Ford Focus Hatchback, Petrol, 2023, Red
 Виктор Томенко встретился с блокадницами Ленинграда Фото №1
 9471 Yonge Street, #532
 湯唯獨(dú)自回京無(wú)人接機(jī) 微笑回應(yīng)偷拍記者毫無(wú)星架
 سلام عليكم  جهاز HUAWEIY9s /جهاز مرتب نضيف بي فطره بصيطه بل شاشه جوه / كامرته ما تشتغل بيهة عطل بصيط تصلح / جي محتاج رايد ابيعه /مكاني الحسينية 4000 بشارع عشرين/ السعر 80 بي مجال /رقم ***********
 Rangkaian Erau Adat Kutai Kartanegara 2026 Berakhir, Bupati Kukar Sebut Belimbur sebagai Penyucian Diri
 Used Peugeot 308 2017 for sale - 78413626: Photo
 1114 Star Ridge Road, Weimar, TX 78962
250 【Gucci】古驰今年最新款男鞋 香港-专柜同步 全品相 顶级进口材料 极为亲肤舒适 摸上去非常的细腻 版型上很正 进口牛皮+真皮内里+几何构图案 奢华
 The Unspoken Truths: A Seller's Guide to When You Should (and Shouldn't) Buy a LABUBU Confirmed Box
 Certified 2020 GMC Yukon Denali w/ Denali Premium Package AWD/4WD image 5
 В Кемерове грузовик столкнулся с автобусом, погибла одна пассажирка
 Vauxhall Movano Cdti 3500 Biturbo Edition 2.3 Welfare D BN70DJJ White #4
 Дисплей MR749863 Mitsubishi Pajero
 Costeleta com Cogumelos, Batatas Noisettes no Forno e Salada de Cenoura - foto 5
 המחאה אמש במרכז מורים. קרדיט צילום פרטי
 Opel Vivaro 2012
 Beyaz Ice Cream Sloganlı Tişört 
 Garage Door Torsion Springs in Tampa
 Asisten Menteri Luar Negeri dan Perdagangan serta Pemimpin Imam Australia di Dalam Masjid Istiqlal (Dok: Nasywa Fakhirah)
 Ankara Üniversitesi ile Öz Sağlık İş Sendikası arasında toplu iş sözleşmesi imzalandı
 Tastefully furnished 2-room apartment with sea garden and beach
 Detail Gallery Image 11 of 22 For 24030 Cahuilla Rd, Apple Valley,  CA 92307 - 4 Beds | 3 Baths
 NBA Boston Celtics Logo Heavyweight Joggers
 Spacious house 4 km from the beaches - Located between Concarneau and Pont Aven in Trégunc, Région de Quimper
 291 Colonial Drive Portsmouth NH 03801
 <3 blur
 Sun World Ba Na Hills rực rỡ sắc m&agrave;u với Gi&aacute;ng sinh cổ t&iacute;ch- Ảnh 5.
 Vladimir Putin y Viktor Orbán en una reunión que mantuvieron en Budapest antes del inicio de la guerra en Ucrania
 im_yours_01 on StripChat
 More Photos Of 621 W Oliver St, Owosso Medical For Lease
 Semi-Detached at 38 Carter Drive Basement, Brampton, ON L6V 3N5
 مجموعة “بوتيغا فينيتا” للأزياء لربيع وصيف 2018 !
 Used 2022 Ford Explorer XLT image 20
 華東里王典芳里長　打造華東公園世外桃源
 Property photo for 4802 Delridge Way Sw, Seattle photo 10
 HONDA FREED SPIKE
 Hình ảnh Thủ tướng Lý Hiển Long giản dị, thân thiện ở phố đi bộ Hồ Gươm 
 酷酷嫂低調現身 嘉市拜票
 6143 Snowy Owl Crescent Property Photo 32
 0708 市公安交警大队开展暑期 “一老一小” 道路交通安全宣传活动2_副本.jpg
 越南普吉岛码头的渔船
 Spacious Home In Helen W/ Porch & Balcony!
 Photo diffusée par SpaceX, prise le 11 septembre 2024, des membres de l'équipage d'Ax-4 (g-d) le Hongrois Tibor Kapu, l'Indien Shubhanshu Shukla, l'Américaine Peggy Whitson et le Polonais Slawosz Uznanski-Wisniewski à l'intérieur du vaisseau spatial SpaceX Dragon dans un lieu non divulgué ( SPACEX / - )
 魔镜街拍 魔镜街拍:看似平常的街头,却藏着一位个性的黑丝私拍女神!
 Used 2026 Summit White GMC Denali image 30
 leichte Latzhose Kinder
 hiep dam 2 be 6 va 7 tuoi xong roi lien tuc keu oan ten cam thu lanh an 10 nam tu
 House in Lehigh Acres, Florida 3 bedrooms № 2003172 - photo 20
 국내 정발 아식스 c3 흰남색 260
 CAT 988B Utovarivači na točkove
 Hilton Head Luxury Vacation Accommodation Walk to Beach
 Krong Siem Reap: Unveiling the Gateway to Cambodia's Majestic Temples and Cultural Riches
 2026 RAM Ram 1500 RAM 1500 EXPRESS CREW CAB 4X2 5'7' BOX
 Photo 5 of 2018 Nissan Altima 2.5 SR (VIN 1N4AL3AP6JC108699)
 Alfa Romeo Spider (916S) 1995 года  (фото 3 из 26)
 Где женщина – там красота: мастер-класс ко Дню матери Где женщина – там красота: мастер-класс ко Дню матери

§ Work to be completed:
Extract the data exactly as given.

§ Exercise result:
Ford Focus Hatchback, Petrol, 2023, Red
 Виктор Томенко встретился с блокадницами Ленинграда Фото №1
 9471 Yonge Street, #532
 湯唯獨(dú)自回京無(wú)人接機(jī) 微笑回應(yīng)偷拍記者毫無(wú)星架
 سلام عليكم  جهاز HUAWEIY9s /جهاز مرتب نضيف بي فطره بصيطه بل شاشه جوه / كامرته ما تشتغل بيهة عطل بصيط تصلح / جي محتاج رايد ابيعه /مكاني الحسينية 4000 بشارع عشرين/ السعر 80 بي مجال /رقم ***********
 Rangkaian Erau Adat Kutai Kartanegara 2026 Berakhir, Bupati Kukar Sebut Belimbur sebagai Penyucian Diri
 Used Peugeot 308 2017 for sale - 78413626: Photo
 1114 Star Ridge Road, Weimar, TX 78962
250 【Gucci】古驰今年最新款男鞋 香港-专柜同步 全品相 顶级进口材料 极为亲肤舒适 摸上去非常的细腻 版型上很正 进口牛皮+真皮内里+几何构图案 奢华
 The Unspoken Truths: A Seller's Guide to When You Should (and Shouldn't) Buy a LABUBU Confirmed Box
 Certified 2020 GMC Yukon Denali w/ Denali Premium Package AWD/4WD image 5
 В Кемерове грузовик столкнулся с автобусом, погибла одна пассажирка
 Vauxhall Movano Cdti 3500 Biturbo Edition 2.3 Welfare D BN70DJJ White #4
 Дисплей MR749863 Mitsubishi Pajero
 Costeleta com Cogumelos, Batatas Noisettes no Forno e Salada de Cenoura - foto 5
 המחאה אמש במרכז מורים. קרדיט צילום פרטי
 Opel Vivaro 2012
 Beyaz Ice Cream Sloganlı Tişört 
 Garage Door Torsion Springs in Tampa
 Asisten Menteri Luar Negeri dan Perdagangan serta Pemimpin Imam Australia di Dalam Masjid Istiqlal (Dok: Nasywa Fakhirah)
 Ankara Üniversitesi ile Öz Sağlık İş Sendikası arasında toplu iş sözleşmesi imzalandı
 Tastefully furnished 2-room apartment with sea garden and beach
 Detail Gallery Image 11 of 22 For 24030 Cahuilla Rd, Apple Valley,  CA 92307 - 4 Beds | 3 Baths
 NBA Boston Celtics Logo Heavyweight Joggers
 Spacious house 4 km from the beaches - Located between Concarneau and Pont Aven in Trégunc, Région de Quimper
 291 Colonial Drive Portsmouth NH 03801
 <3 blur
 Sun World Ba Na Hills rực rỡ sắc m&agrave;u với Gi&aacute;ng sinh cổ t&iacute;ch- Ảnh 5.
 Vladimir Putin y Viktor Orbán en una reunión que mantuvieron en Budapest antes del inicio de la guerra en Ucrania
 im_yours_01 on StripChat
 More Photos Of 621 W Oliver St, Owosso Medical For Lease
 Semi-Detached at 38 Carter Drive Basement, Brampton, ON L6V 3N5
 مجموعة “بوتيغا فينيتا” للأزياء لربيع وصيف 2018 !
 Used 2022 Ford Explorer XLT image 20
 華東里王典芳里長　打造華東公園世外桃源
 Property photo for 4802 Delridge Way Sw, Seattle photo 10
 HONDA FREED SPIKE
 Hình ảnh Thủ tướng Lý Hiển Long giản dị, thân thiện ở phố đi bộ Hồ Gươm 
 酷酷嫂低調現身 嘉市拜票
 6143 Snowy Owl Crescent Property Photo 32
 0708 市公安交警大队开展暑期 “一老一小” 道路交通安全宣传活动2_副本.jpg
 越南普吉岛码头的渔船
 Spacious Home In Helen W/ Porch & Balcony!
 Photo diffusée par SpaceX, prise le 11 septembre 2024, des membres de l'équipage d'Ax-4 (g-d) le Hongrois Tibor Kapu, l'Indien Shubhanshu Shukla, l'Américaine Peggy Whitson et le Polonais Slawosz Uznanski-Wisniewski à l'intérieur du vaisseau spatial SpaceX Dragon dans un lieu non divulgué ( SPACEX / - )
 魔镜街拍 魔镜街拍:看似平常的街头,却藏着一位个性的黑丝私拍女神!
 Used 2026 Summit White GMC Denali image 30
 leichte Latzhose Kinder
 hiep dam 2 be 6 va 7 tuoi xong roi lien tuc keu oan ten cam thu lanh an 10 nam tu
 House in Lehigh Acres, Florida 3 bedrooms № 2003172 - photo 20
 국내 정발 아식스 c3 흰남색 260
 CAT 988B Utovarivači na točkove
 Hilton Head Luxury Vacation Accommodation Walk to Beach
 Krong Siem Reap: Unveiling the Gateway to Cambodia's Majestic Temples and Cultural Riches
 2026 RAM Ram 1500 RAM 1500 EXPRESS CREW CAB 4X2 5'7' BOX
 Photo 5 of 2018 Nissan Altima 2.5 SR (VIN 1N4AL3AP6JC108699)
 Alfa Romeo Spider (916S) 1995 года  (фото 3 из 26)
 Где женщина – там красота: мастер-класс ко Дню матери Где женщина – там красота: мастер-класс ко Дню матери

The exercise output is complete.